ACTION ITEM — All that should come back is the lines of the data below from the one containing "právo interpelace vůči" to the one containing "Okładka - The", inclusive, exactly as they stand.

[Brief descriptive captions]
|---|

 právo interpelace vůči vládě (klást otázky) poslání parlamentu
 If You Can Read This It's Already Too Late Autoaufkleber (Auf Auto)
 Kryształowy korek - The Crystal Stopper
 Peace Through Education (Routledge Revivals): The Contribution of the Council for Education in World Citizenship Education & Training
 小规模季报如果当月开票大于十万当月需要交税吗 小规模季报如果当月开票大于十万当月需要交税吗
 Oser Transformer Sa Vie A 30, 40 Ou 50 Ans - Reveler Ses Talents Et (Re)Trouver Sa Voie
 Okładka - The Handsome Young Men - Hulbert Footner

|---|

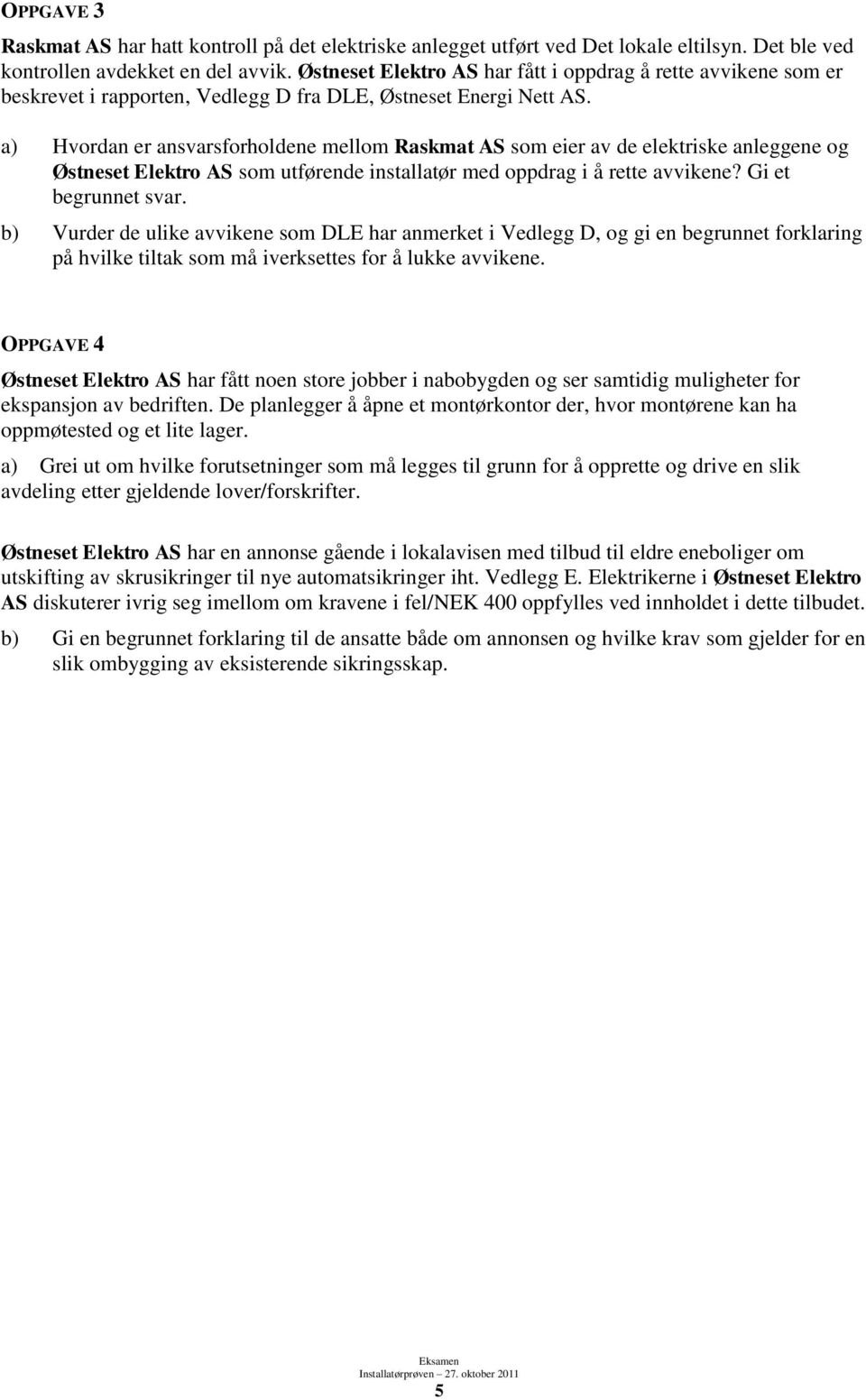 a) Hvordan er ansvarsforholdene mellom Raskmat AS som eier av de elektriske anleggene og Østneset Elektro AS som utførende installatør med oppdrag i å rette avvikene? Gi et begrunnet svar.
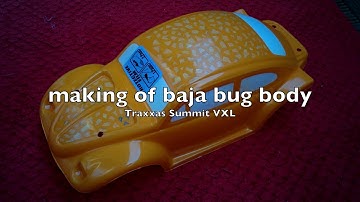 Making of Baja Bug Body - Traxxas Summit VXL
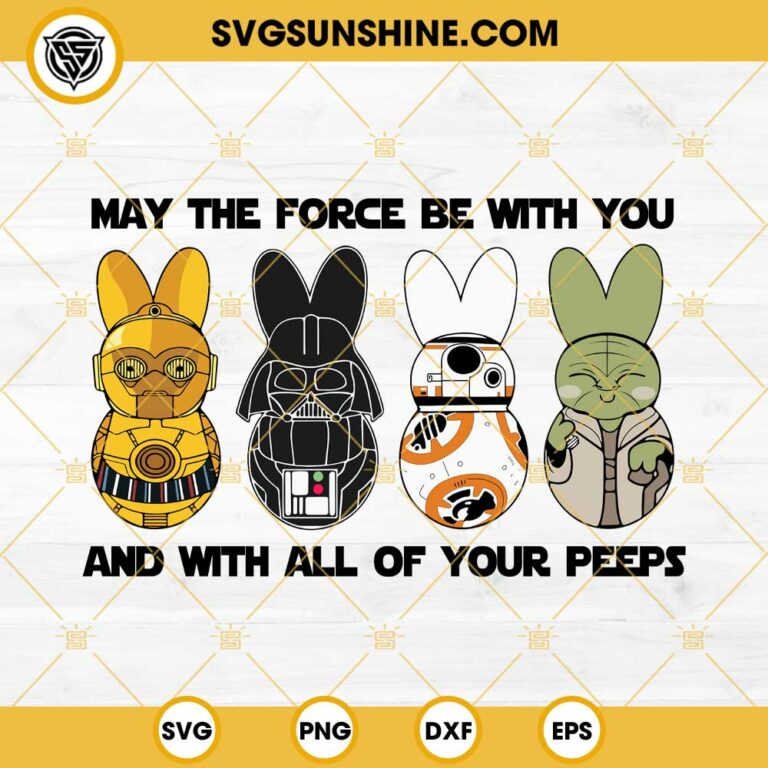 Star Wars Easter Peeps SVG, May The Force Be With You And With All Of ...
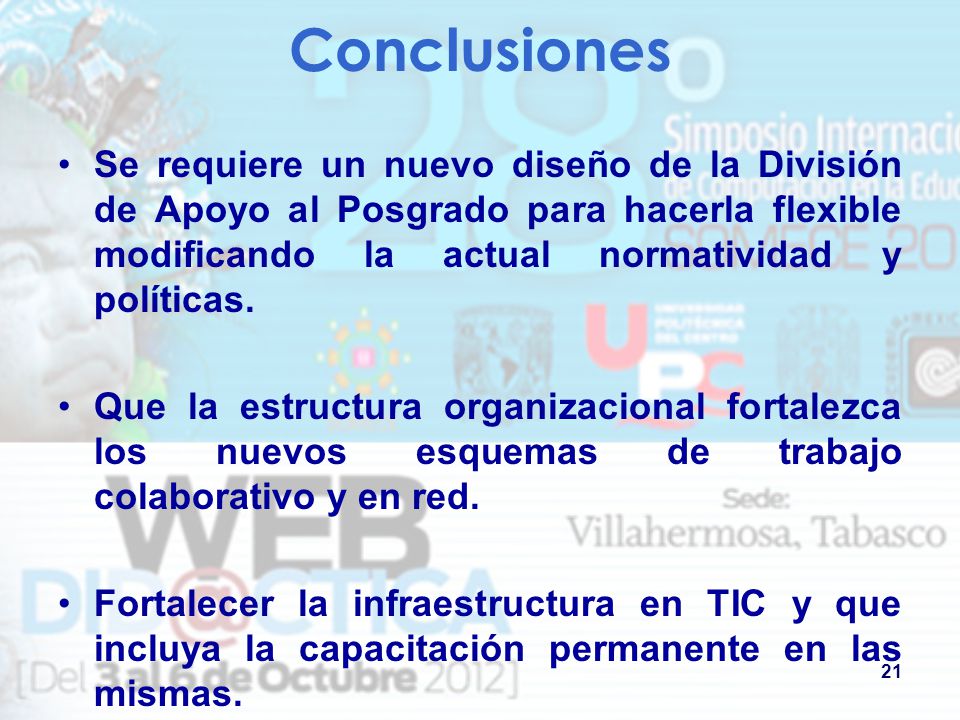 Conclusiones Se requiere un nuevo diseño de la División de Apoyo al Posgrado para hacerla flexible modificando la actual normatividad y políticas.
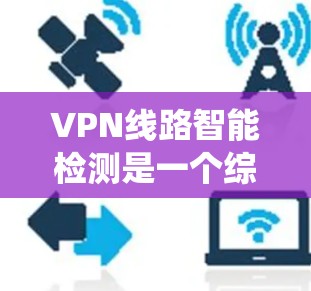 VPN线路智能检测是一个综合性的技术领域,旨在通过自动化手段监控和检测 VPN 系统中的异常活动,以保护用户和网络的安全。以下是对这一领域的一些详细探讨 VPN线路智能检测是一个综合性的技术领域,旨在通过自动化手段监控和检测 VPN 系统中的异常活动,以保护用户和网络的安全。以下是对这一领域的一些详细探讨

|---|

RESPONSE TO THE TASK —
 právo interpelace vůči vládě (klást otázky) poslání parlamentu
 If You Can Read This It's Already Too Late Autoaufkleber (Auf Auto)
 Kryształowy korek - The Crystal Stopper
 Peace Through Education (Routledge Revivals): The Contribution of the Council for Education in World Citizenship Education & Training
 小规模季报如果当月开票大于十万当月需要交税吗 小规模季报如果当月开票大于十万当月需要交税吗
 Oser Transformer Sa Vie A 30, 40 Ou 50 Ans - Reveler Ses Talents Et (Re)Trouver Sa Voie
 Okładka - The Handsome Young Men - Hulbert Footner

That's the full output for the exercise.